*** Opening Exercise materials ***

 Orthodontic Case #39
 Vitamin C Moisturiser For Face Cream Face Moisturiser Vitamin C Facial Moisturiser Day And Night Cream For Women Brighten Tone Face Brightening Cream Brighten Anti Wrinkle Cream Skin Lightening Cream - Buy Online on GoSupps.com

*** Closing Exercise materials ***
*** Opening Exercise materials ***

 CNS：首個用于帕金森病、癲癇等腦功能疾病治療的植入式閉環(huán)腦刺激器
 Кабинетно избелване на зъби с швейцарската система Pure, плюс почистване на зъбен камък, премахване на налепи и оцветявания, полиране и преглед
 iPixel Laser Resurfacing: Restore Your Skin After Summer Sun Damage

*** Closing Exercise materials ***
*** Opening Exercise materials ***

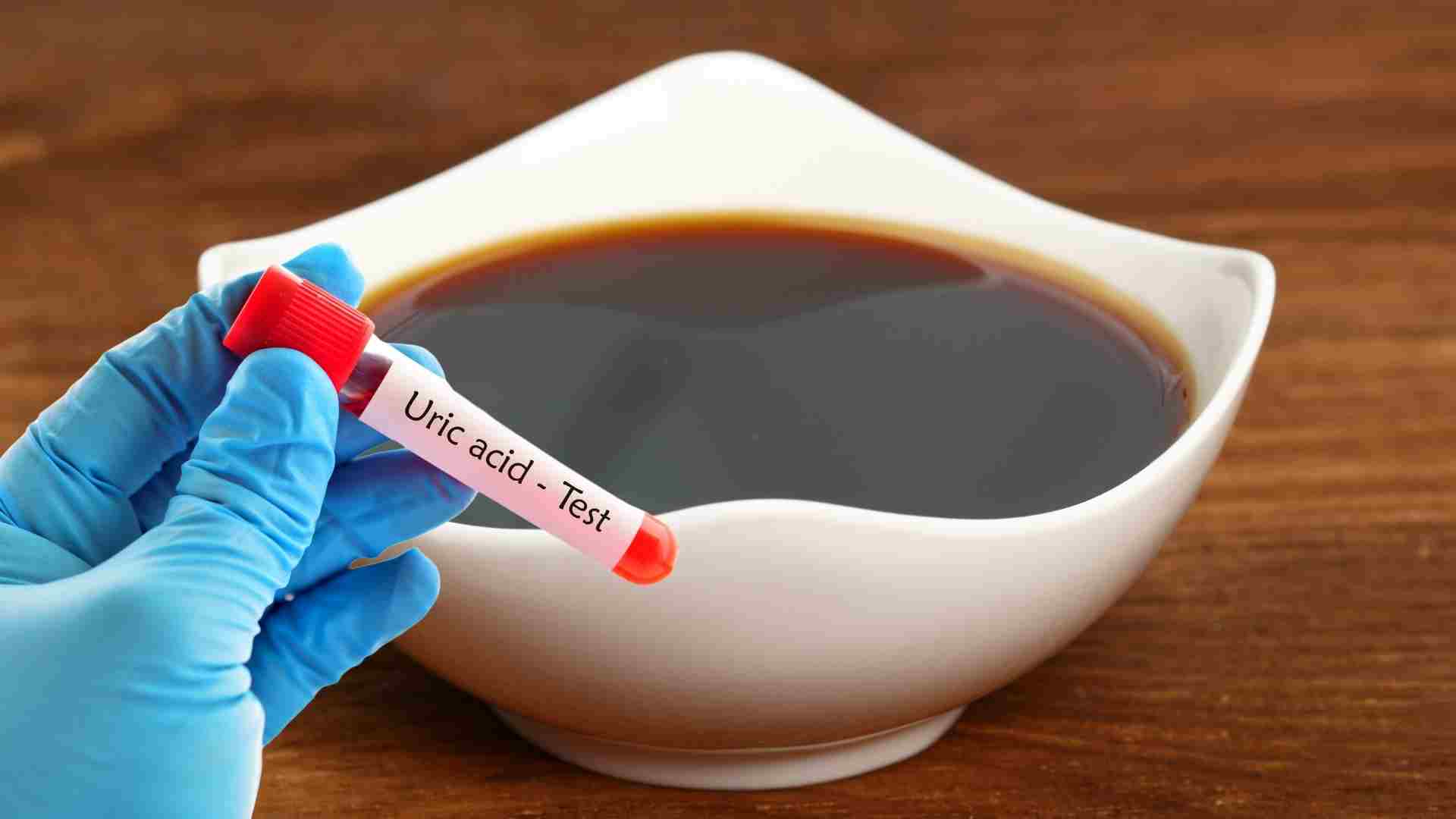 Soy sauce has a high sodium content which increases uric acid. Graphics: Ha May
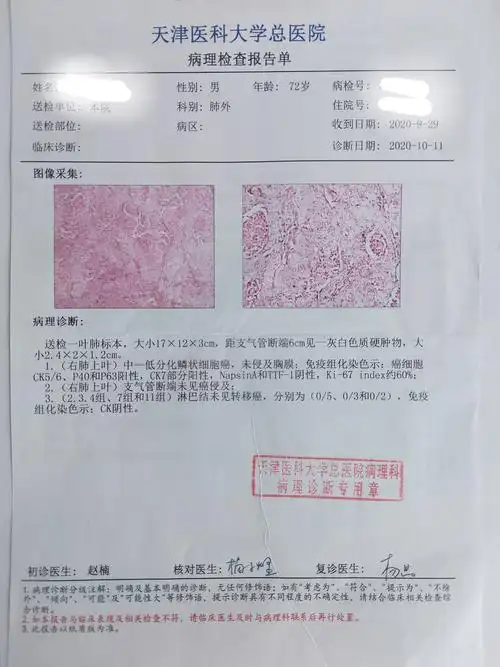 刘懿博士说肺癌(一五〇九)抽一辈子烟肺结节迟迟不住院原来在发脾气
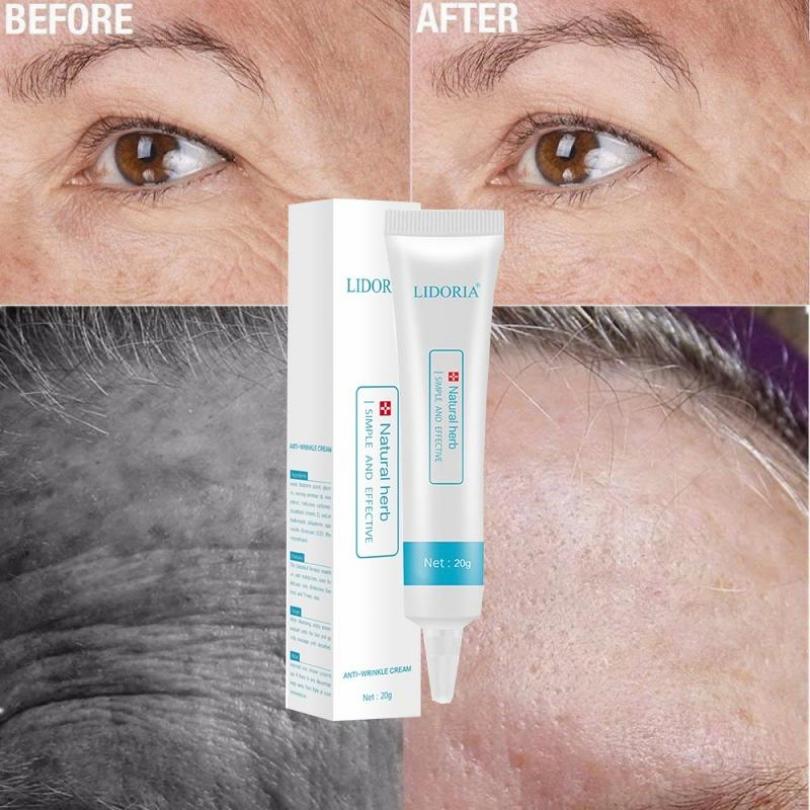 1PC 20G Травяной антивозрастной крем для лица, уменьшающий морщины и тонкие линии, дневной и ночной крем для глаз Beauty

*** Closing Exercise materials ***

All lines in the entries above that include "Skin" should be found and copied.

 Vitamin C Moisturiser For Face Cream Face Moisturiser Vitamin C Facial Moisturiser Day And Night Cream For Women Brighten Tone Face Brightening Cream Brighten Anti Wrinkle Cream Skin Lightening Cream - Buy Online on GoSupps.com
 iPixel Laser Resurfacing: Restore Your Skin After Summer Sun Damage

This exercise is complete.